Comic Review: DC Rebirth Hal Jordan And The Green Lantern Corps Volume 1

I wasn’t too impressed with the first volume of Green Lanterns, one of two Green Lantern titles to premier after DC Rebirth started.

How as the other one, Hal Jordan and the Green Lantern Corps?  That book’s first volume, subtitled Sinestro’s Law, brings the Corps and its best known member front and center against one of Hal’s oldest enemies, former Green Lantern Sinestro.

This was actually much, much better than the other book.  It looks like a little bit of backstory is skipped over.  Here’s what I gathered from the reprinted “DC Rebirth” issue:  something caused most of the Green Lantern Corps to vanish from the universe.  Oa is destroyed, most of the Guardians with it.  Somehow, Sinestro’s Yellow Lanterns, often called the Sinestro Corps, have been accepted by much of the universe as the replacement corps operating off the mobile planet Warworld and under the leadership of Sinestro’s daughter Soranik, a doctor and former Green Lantern herself.  Soranik had made the Sinestro Corps respectable as she believes it can be a force for good, but her father appeared to be dying.  He finds a way to revive himself and takes back control of his self-named Corps with the goal of bringing order through fear.  Meanwhile, Hal Jordan was falsely accused of some sort of crimes and stripped of his ring.  Using a prototype of some sort the Guardians left lying around, Hal does the impossible:  he creates his own power ring just from his own willpower, a skill that up to this point only the Guardians had ever held before.  There’s a side effect to this, but Hal thinks he’s the only Green Lantern left.  Now he has a job to do.

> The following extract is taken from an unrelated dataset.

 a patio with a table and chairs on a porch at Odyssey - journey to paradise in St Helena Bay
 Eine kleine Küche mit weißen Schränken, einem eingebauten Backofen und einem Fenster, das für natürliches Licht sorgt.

Actually, the title should tell you Hal isn’t alone.  John Stewart, Guy Gardner, Mogo, Kilowog, and a host of other Green Lanterns return, their numbers greatly diminished, and they’re ready to do their jobs.  Their rings aren’t working quite right, so they lack long-range communication and don’t know where in space they are, but John’s the leader of the Corps and he dispatches Guy to scout for a few things.

The book works rather well, with writer Robert Venditti (writer for Valiant’s X-O Manowar) giving good scenes to not just Hal, but also Guy and to a lesser extent John.  This is really a book about the Corps, with Hal’s name above the others, but he’s just as much a part of a larger picture as anything else.  The Lanterns have a lot of work to do, first reclaiming their spot in the universe, and then more besides.  The Sinestro Corps was one of the more interesting concepts brought out with Hal’s original return from the dead, and Venditti makes the most of them.  The artwork is handled by a few different people, most notably frequent GL artist Ethan Van Sciver, but there’s a lot of creativity and cosmic spectacle here.  Clearly, this is the stronger Green Lantern title.  Nine out of ten three-faced Yellow Lanterns.